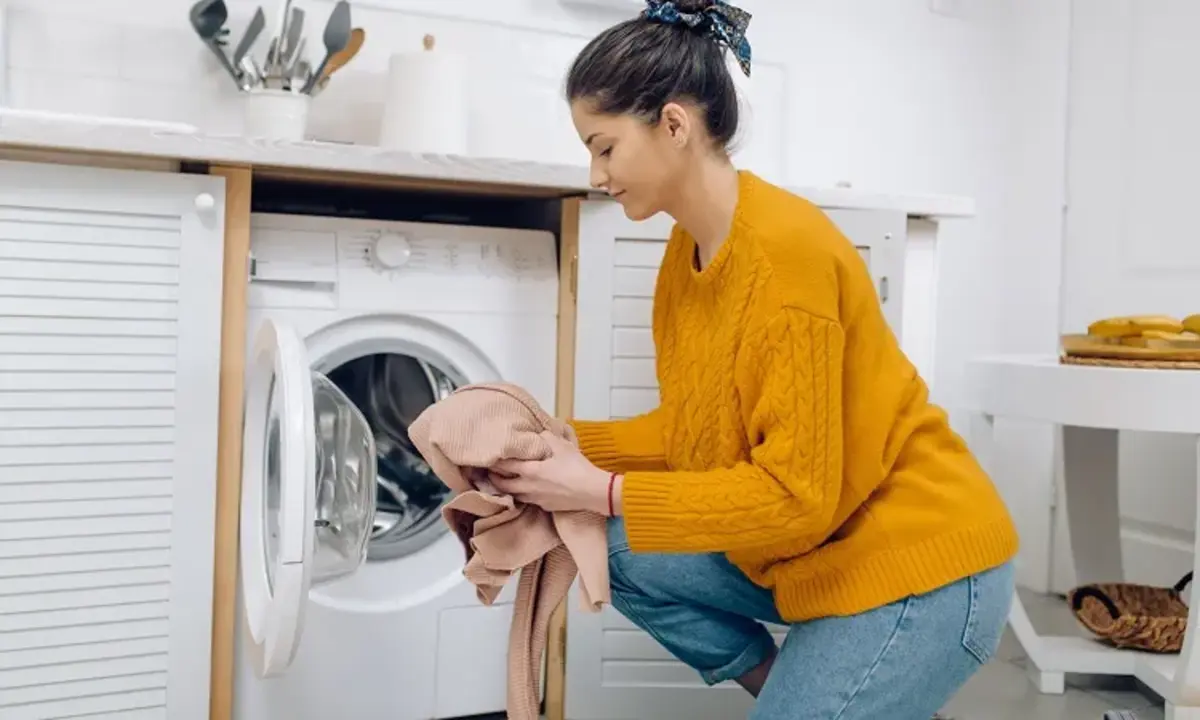 femme avec un pull jaune chargeant sa machine a laver vetements delaves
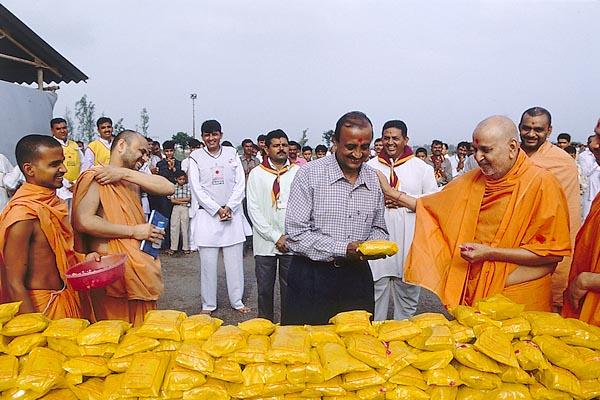 During the flood-relief program Swamishri on behalf of BAPS chapter of Jamnagar offers 10,000 food packets to the Collector 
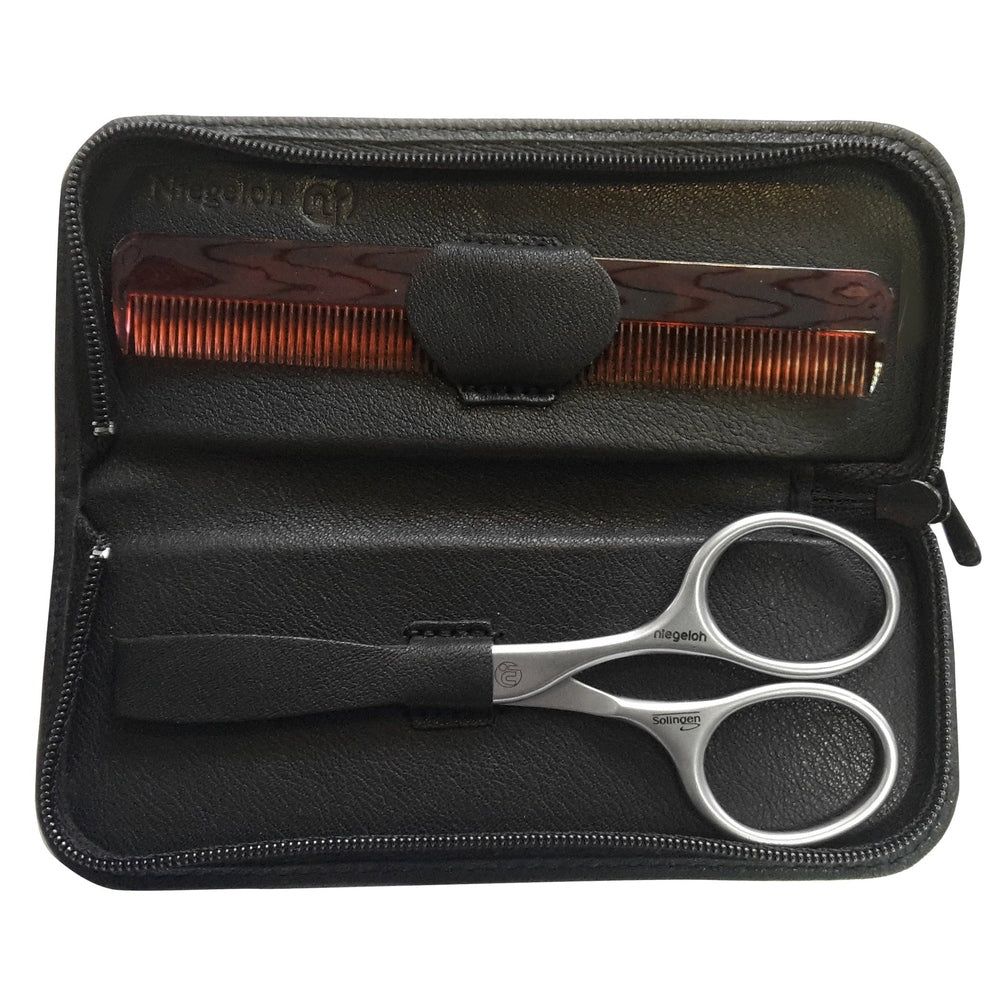 Zwarte etui met kam en baardschaar. Kam bruin, schaar zilverkleurig. Niegeloh-logo zichtbaar.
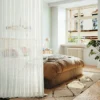 Blossom Veil Sheer Curtain in a modern living room with soft bloom texture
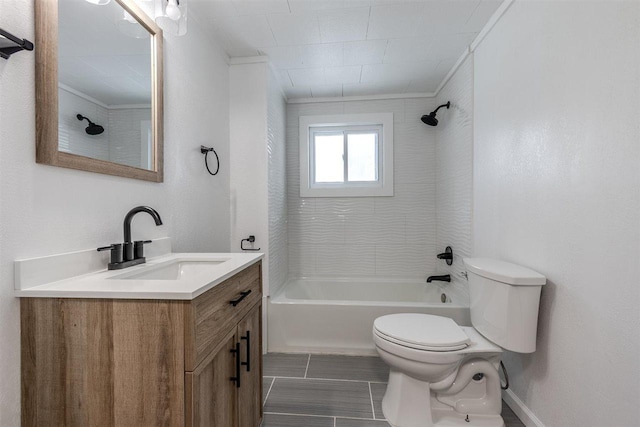 full bathroom featuring vanity, toilet, tiled shower / bath, and ornamental molding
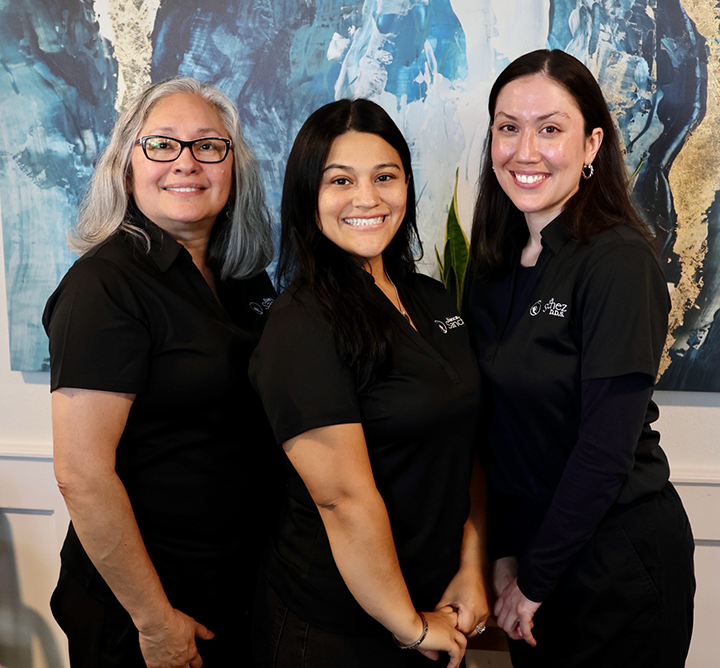 Three smiling San Antonio dental team members at Bianca Sanchez D D S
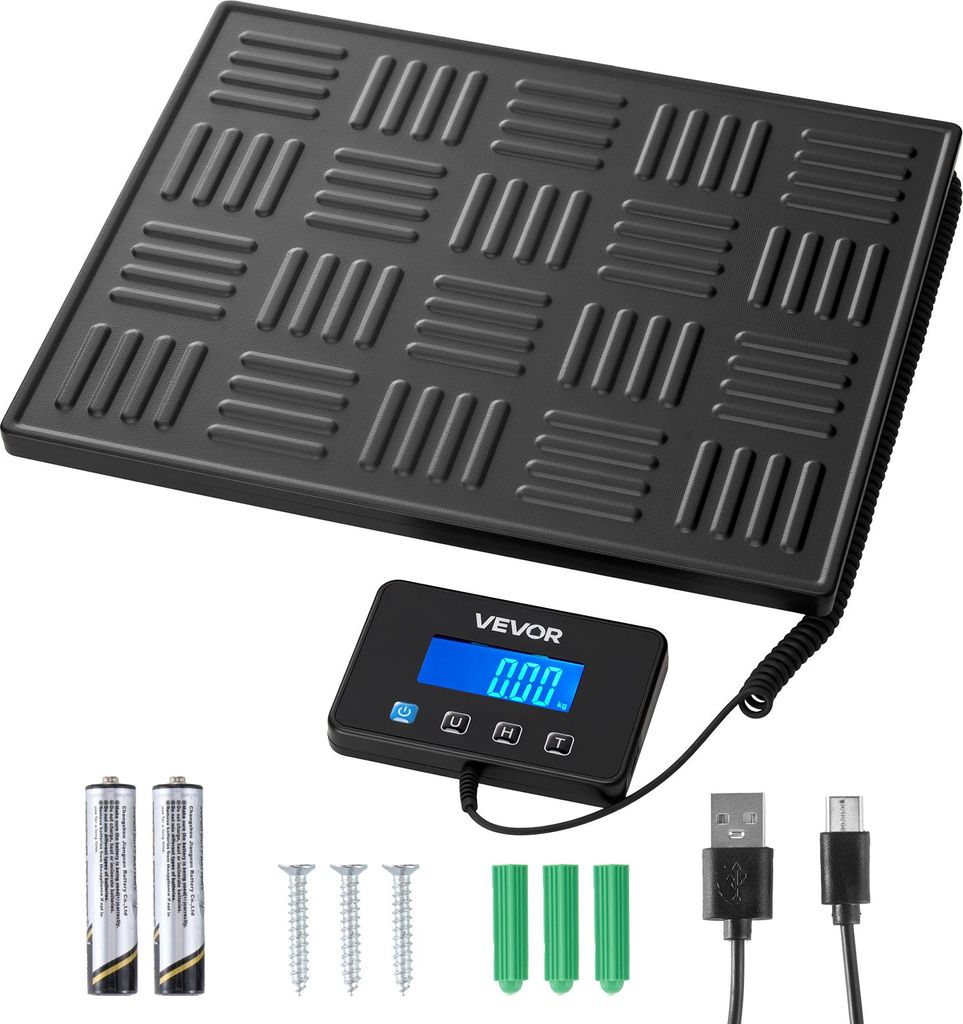 A digital scale with its accessories laid out on a white background.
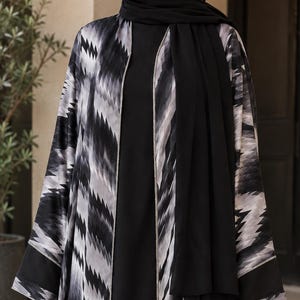 May include: A black and white open-front abaya featuring a bold, repeating chevron-inspired zigzag pattern in shades of gray. The garment is worn over a solid black dress and includes a matching black headscarf, with solid black cuffs at the sleeves.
+++
• Exercise details: Please print the lines from the one holding "Zwarte etui met" through the end of the records above, unchanged and with the pictures left out.

• Answer to the problem:
 Zwarte etui met kam en baardschaar. Kam bruin, schaar zilverkleurig. Niegeloh-logo zichtbaar.
 Blossom Veil Sheer Curtain in a modern living room with soft bloom texture
 full bathroom featuring vanity, toilet, tiled shower / bath, and ornamental molding
 Three smiling San Antonio dental team members at Bianca Sanchez D D S
 A digital scale with its accessories laid out on a white background.
 May include: A black and white open-front abaya featuring a bold, repeating chevron-inspired zigzag pattern in shades of gray. The garment is worn over a solid black dress and includes a matching black headscarf, with solid black cuffs at the sleeves.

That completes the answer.